La réhabilitation des cabanes comme valorisation de la forêt
Si de nombreuses cabanes sont tombées en ruine, d’autres ont été aménagées à partir des années 2000 pour les parties de chasse, et certaines ont été rénovées en résidences secondaires. Aujourd’hui, une dizaine sont électrifiées et la plupart sont équipées de groupes électrogènes. Ces cabanes de bois, généralement de dimension modeste (8 × 4 m), étaient à l’origine entourées d’un jardin potager (figure 2). Leur superficie et leur architecture sont strictement réglementées, mais peu contrôlées par la Direction régionale de l’environnement, de l’aménagement et du logement (DREAL). Des abus (agrandissement, aménagement de terrasses, enclosures…) ont été observés en bordure du lac de Cazaux et dans la partie orientale du massif, plus facilement accessible depuis la route départementale.
Photo : Arthur Guérin-Tucq.
Il faut aussi souligner une diversité chez les propriétaires des cabanes. Certains y habitent à l’année tandis que d’autres l’utilisent comme villégiature l’été, voire la louent comme logement insolite. La rareté de ce type de biens engendre de nombreuses convoitises, comme ce fut le cas pour la cabane de Baron Capet qui affichait un prix de vente à plus de 800 000 euros en 2020. Les rachats successifs à la hausse de cette cabane électrifiée, située à proximité de la route, illustrent la forte spéculation qui s’exerce sur ces biens immobiliers depuis une dizaine d’années.
Les nouveaux investisseurs sont le plus souvent de jeunes retraités originaires de la région bordelaise, en quête d’un « paradis vert », « d’une vie de Robinson dans les bois », où ils peuvent partager des moments de détente en famille ou entre amis l’été. La majorité des propriétaires de cabanes possèdent également une maison sur le bassin d’Arcachon. La cabane est alors un pied-à-terre en forêt où ils peuvent « échapper au bruit de la ville, loin de la cohue des touristes du bassin », selon l’un d’eux, ancien cadre d’une grande entreprise pétrolière. En ce sens, les aspirations à un retour à la nature sont emblématiques des « conversions » des plus riches à un mode de vie plus écologique. Cependant, la conscience environnementale des propriétaires forestiers s’appuie sur une conception de l’écologie que l’on peut qualifier d’esthétisante.
Une cabane en forêt usagère est un bien rare et précieux, et devient un motif de distinction sociale sur le bassin d’Arcachon. On reconnaît alors les « vrais » de La Teste à leur ancrage en forêt. Les derniers arrivés veulent donc eux aussi être propriétaires en forêt usagère, afin de ne plus être assignés à l’image du nouveau venu.

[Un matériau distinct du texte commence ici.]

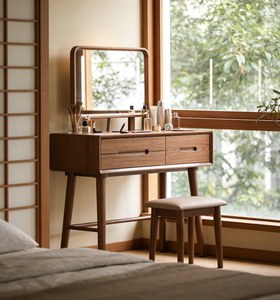 Table de toilette minimaliste de style vintage en bois massif pour la chambre principale : <span class=keywords><strong>Coiffeuse</strong></span> tout-en-un <span class=keywords><strong>avec</strong></span> <span class=keywords><strong>miroir</strong></span> et bureau - Product Image 3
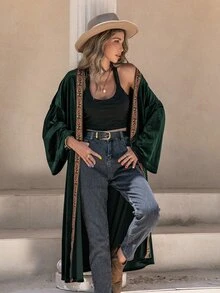 Rusttydustty Contrast Tape Batwing Sleeve Velvet Coat - Dark Green - View 5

Ce logement ouvrier est donc un attribut du capital symbolique des plus riches. Comme le résume un propriétaire qui se définit lui-même comme un investisseur forestier : « la cabane, c’est un folklore qui a un prix à payer ». En effet, la possession d’une cabane est « une opportunité pour marquer son rang, c’est-à-dire se démarquer des fractions désargentées et, peut-être aussi, se faire remarquer des plus privilégiés » (Grossetête 2019).

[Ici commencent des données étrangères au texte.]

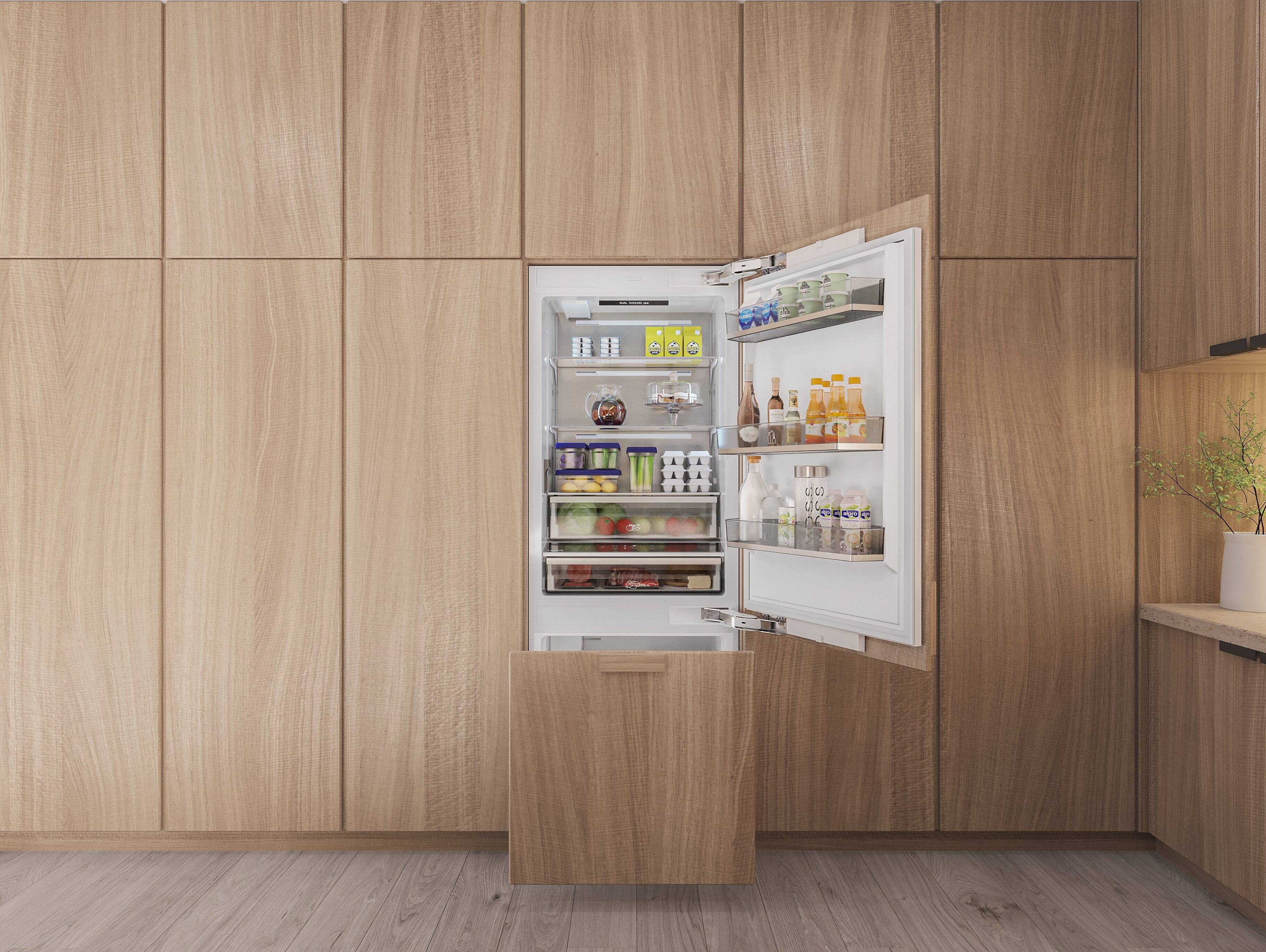 Left. Thor Kitchen - 16.1-Cu. Ft. Built-In Panel Ready Bottom Freezer Refrigerator - White.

Pourtant, malgré l’isolement de certaines d’entre elles et leurs difficultés d’accès, la forêt reste empruntée, ce qui engendre de nombreux conflits d’usage entre propriétaires et promeneurs. En effet, un chemin de grande randonnée est balisé et draine un certain nombre de promeneurs, surtout au printemps. De nombreux propriétaires n’hésitent alors pas à installer des panneaux d’interdiction de passage, délimiter une zone sous vidéo surveillance ou menacer de poursuites pénales (figure 3). Certains ont même érigé des barrières à l’entrée des chemins, parfois sous couvert de lutte contre les incendies afin d’éviter les flux de touristes, qui restent tout de même très modestes par rapport à ceux de la dune du Pilat voisine.
Photo : Arthur Guérin-Tucq.
Par conséquent, la réhabilitation des cabanes conduit à une fermeture de l’espace par l’élévation d’enclosures (figure 4). Cet engrillagement des parcelles, phénomène jusqu’alors marginal, se banalise et alimente les conflits locaux dans un contexte accru de tensions entre propriétaires et promeneurs, notamment depuis la création, par la loi du 2 février 2023 [1], d’une infraction renforçant les prérogatives du propriétaire désireux d’interdire l’accès à sa parcelle située dans un espace naturel (Guérin-Turcq 2025).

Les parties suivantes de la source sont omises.